Lutte contre la fraude : l’IA n’est pas encore une réalité

Par Adrien Basso-Blandin, Lead Data-Scientist chez Finexkap
En 2018, une entreprise sur cinq a été visée par plus de dix tentatives de fraude, contre seulement une sur dix l’année précédente. C’est ce qu’a révélé l’une des dernières enquêtes d’Euler Hermes, acteur référent de l’assurance-crédit. Qu’elle soit due à un manque de sécurité dans les systèmes d’information ou à de la manipulation des clients, la fraude ne cesse de prendre de l’ampleur et pénalise durement les entreprises de tout secteur. Un phénomène encore renforcé par le boom du e-commerce et de l’achat en ligne, terrain propice notamment aux escroqueries aux moyens de paiement. Pourtant, l’enquête pointe du doigt que seules quatre entreprises sur dix ont alloué un budget spécifique pour faire face à ce risque de fraude et de cybercriminalité. Qui plus est, les entreprises prenant à bras le corps le problème utilisent encore majoritairement des approches algorithmiques anciennes, avec des systèmes de scoring, de monitoring ou d’analyse financière qui ont certes su faire leurs preuves mais qui ne reflètent pas forcément l’évolution de l’état de l’art. A l’heure où les possibilités offertes par les nouvelles technologies, et en particulier l’intelligence artificielle, ne cessent de s’ouvrir, la réalité au cœur des entreprises est encore toute autre.

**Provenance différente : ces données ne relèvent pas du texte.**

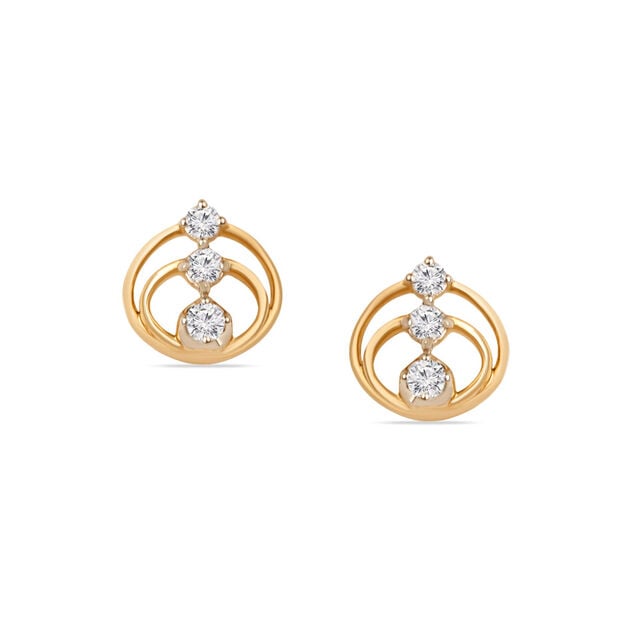 Tanishq 14KT Teardrop Lattice Stud Earrings for Women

Faire le virage de la data, un pari pas si simple
Certes, comparées aux méthodes traditionnelles, les applications issues de l’intelligence artificielle permettent d’améliorer considérablement le temps de détection et le périmètre de contrôle de la fraude, mais aussi de diminuer les frictions dans le parcours utilisateur. Cependant, qui dit IA, dit traitement de la data. Et c’est là où le bât blesse, principalement. En effet, avant même de penser à implémenter de l’IA dans ses systèmes, il s’agit pour les entreprises de se constituer des bases de données saines et structurées. Un prérequis qui découle d’un travail absolument titanesque de traitement, d’analyse et de structuration, coûteux en temps, en argent mais aussi en compétences. Car même si une appétence pour ces nouveaux métiers se fait sentir chez les jeunes talents, dont témoigne l’explosion du nombre de formations spécialisées en Data Science., les experts « data » restent encore une denrée rare, loin d’être à la portée de toutes les entreprises. Ce travail de la donnée représente donc un vrai coût d’opportunité pour des sociétés encore trop peu « data driven ». Un coût qu’elles estiment bien souvent trop élevé. Cette situation explique pourquoi aujourd’hui les entreprises possédant des masses conséquentes de data ont rarement entamé le virage nécessaire à leur traitement. Et même si ces dernières tentent de se faire accompagner, elles se retrouvent là encore face à un blocage : le manque de solutions adéquates proposées par les prestataires du secteur, positionnés soit dans l’ultra-spécialisation, soit dans la globalisation à l’image d’un IBM à la compétence technologique de pointe mais qui reste trop éloigné de problématiques métiers précises.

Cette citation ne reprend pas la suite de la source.